Il cambio di passo renziano

Il cambio di passo renziano

 

A dispetto della sua immagine, di ciò che dice e dei suoi tweet compulsivi , Renzi non è affatto stupido, e in questi giorni ne abbiamo avuto una decisiva conferma. La nomina di Federica Mogherini a rappresentante della politica estera dell’Unione Europa è un fatto importante, da non sottovalutare, che descrive la capacità di Renzi di leggere le dinamiche politiche molto al di là di quanto potevamo immaginare. Insomma Renzi, a differenza di Berlusconi, Bersani o Letta, può essere politicamente un problema rilevante, e sarebbe opportuno rendercene conto prima di continuare a banalizzarlo (come anche noi in passato abbiamo fatto) quale ennesimo tentativo del PD di trovare il leader “giovanilista” di turno.

I vari commentatori politici e mediatici, anche rilevanti, stanno nei fatti sottovalutando l’operazione Mogherini, descrivendola come manovra più scenografica che di sostanza. E’ vero l’esatto contrario. Oggi il rafforzamento dell’Unione Europa passa attraverso un ruolo politico più che economico. E questo ruolo, che ambisce a diventare coerentemente imperialista, passa attraverso un cambio di passo della propria politica estera. La politica estera della UE è il campo di battaglia nel quale si misureranno le capacità dei singoli Stati di portare avanti la costruzione del polo imperialista, al di là dei particolarismi nazionali. Soprattutto in questa fase storico-politica, dove l’egemonia statunitense dovrà fare i conti sempre più con una intrinseca mancanza di strategia (come confermato dalle recenti dichiarazioni di Obama), e un protagonismo internazionale di attori regionali sempre più decisi a ritagliarsi un ruolo di primo piano nei vari settori geopolitici d’interesse. Siamo di fronte ad un vuoto di egemonia politica sullo scacchiere internazionale, e l’Unione Europea punta a colmare questo vuoto. O meglio, deve colmare questo vuoto, pena la perdita di rilevanza strategica. Una traiettoria tutta da tracciare, e che però è bene farlo tenendo le redini della direzione e non subendola vedendosi emarginato dalle situazioni che contano. Renzi ha capito questo, e dal minuto successivo alla sua vittoria elettorale ha puntato tutto sulla figura del “ministro degli esteri” della UE, cioè della figura politicamente più rilevante in questo momento presente nella costruzione del progetto europeista, perché quella da definire e attorno a cui prenderà vita l’accelerazione accentratrice del polo UE.

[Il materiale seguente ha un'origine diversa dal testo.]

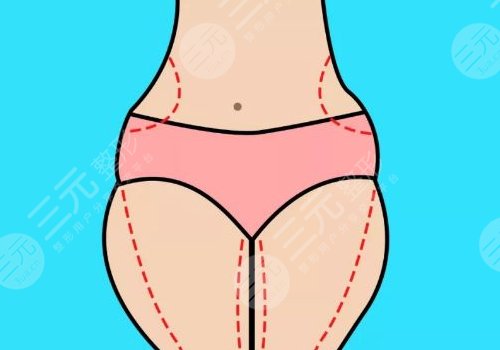 全身抽脂50斤的價格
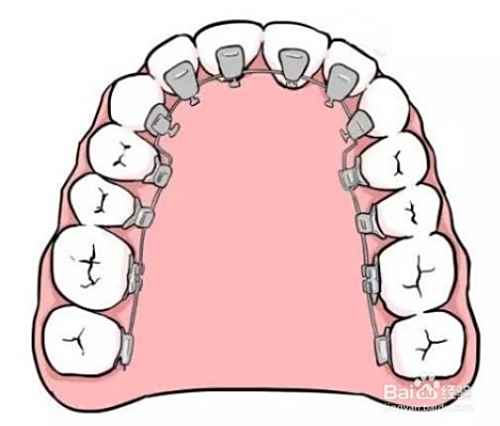 牙套價(jià)格詳解，裝一個(gè)牙套需要多少錢(qián)？，牙套價(jià)格全解析，裝牙套需要多少錢(qián)？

Controllando la principale istituzione economico-finanziaria dell’Unione Europea, quella da cui dipende, in sostanza, tutto il resto della politica economica del continente – la BCE – e ora guidando la sua politica estera, Renzi ha ritagliato all’Italia (o meglio per la sua borghesia europeista) un ruolo decisivo per lo sviluppo politico della UE. L’Italia continuerà nel suo percorso di perdita di peso economica e politica nel mondo e in Europa, inevitabile, ma allo stesso tempo Renzi rappresenta al momento, in Europa, quello con le idee più chiare in merito alla direzione politica da intraprendere. Questo fatto non va sottovalutato, e anzi sarebbe un errore imperdonabile volgarizzarlo. Troppi gli indizi a questo riguardo. Lo smarcamento dell’Italia dalla politica di chiusura verso la Russia nella crisi ucraina; il viaggio di Renzi in Iraq; l’imposizione italiana nei confronti dell’Europa sul problema migranti; l’asse con la Francia in vista di una definizione degli obiettivi politici europei. Insomma, un protagonismo davvero sui generis per un paese che conta poco e conterà sempre meno nello scacchiere internazionale, e che vede apparentemente più impellenti i propri problemi economici.

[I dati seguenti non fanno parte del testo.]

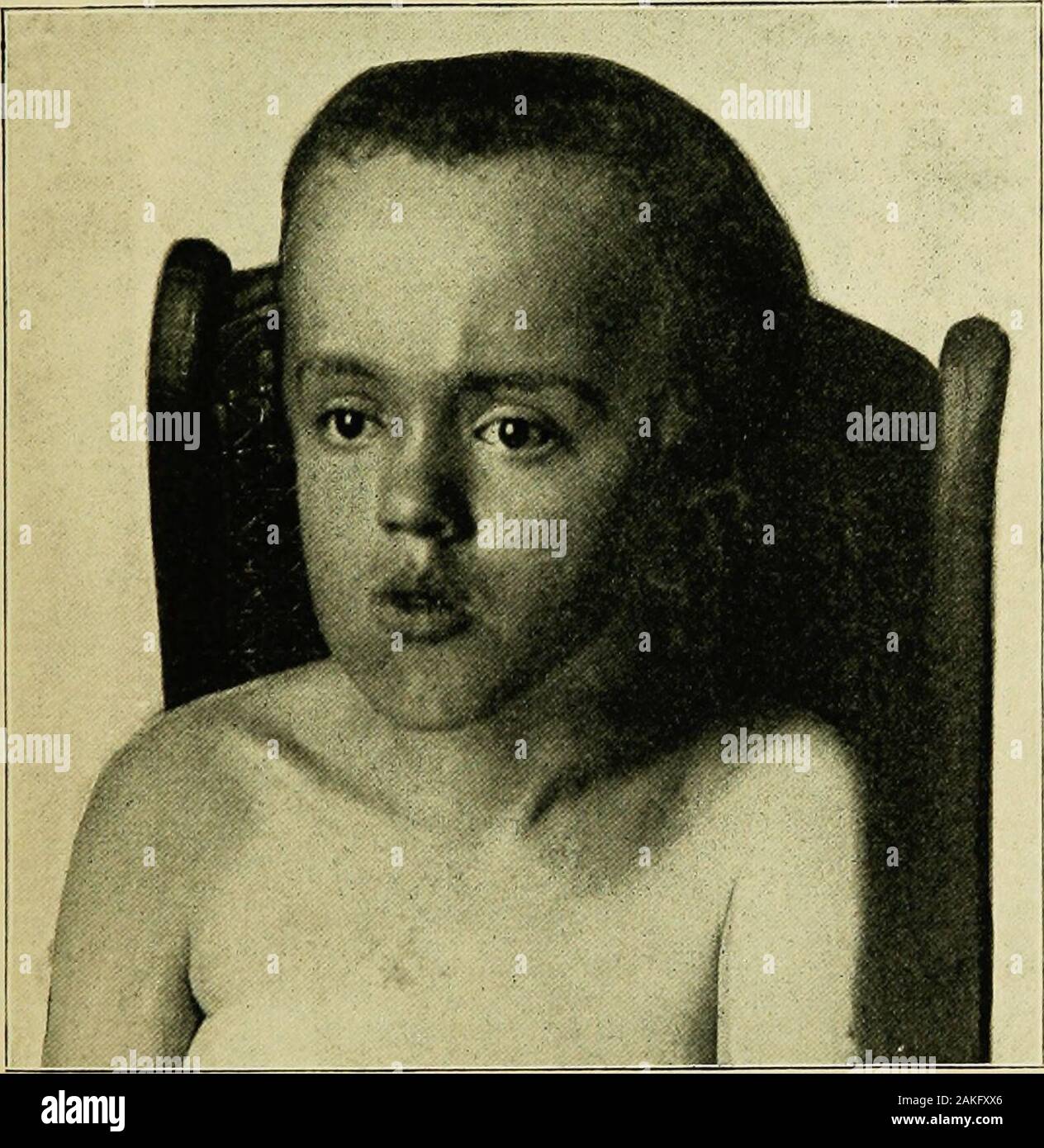 The practice of pediatrics . cing extension of the skull, separation of the bones, and enlarge-ment of the head when it occurs in infancy. Internal hydrocephalusmay be either a general internal hydrocephalus, with distention of allthe ventricles, or a partial hydrocephalus in which the fourth ventricle DISEASES OF THE BRAIN 965 is not involved. Hydrocephalus may be congenital or acquired. Of theacquired form we have to deal with the chronic internal hydrocephalusand an acute internal hydrocephalus—the meningitis serosa of Quincke.Acute Internal Hydrocephalus. Etiology.—While an acute internalh Stock Photo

Renzi ci sembra aver capito una cosa. Sebbene saldo dal punto di vista economico e omogeneo nella visione di fondo ideologica, il progetto europeista ha bisogno di una sterzata politica non indifferente, perché la UE manca ancora di una cosa: un proprio ruolo specifico nel mondo, pari almeno alla sua forza economica, e che possa cementare proprio questa forza economica. E’ questo il progetto dell’èlite dominante europea, quella borghesia transnazionale di cui Renzi incarna lo spirito più cosciente e più predisposto alle fughe in avanti. Il fatto di essere riuscito nella sua manovra ne conferma anche la sua capacità, e questa sua forza sarà un problema soprattutto per quelle forze di sinistra che continueranno a porsi sullo stesso piano politico, e che le vedrà sempre perdenti. Combattere Renzi non sarà facile, servirà un cambio di paradigma e un salto culturale non indifferente, tutte cose che al momento non si intravedono all’orizzonte.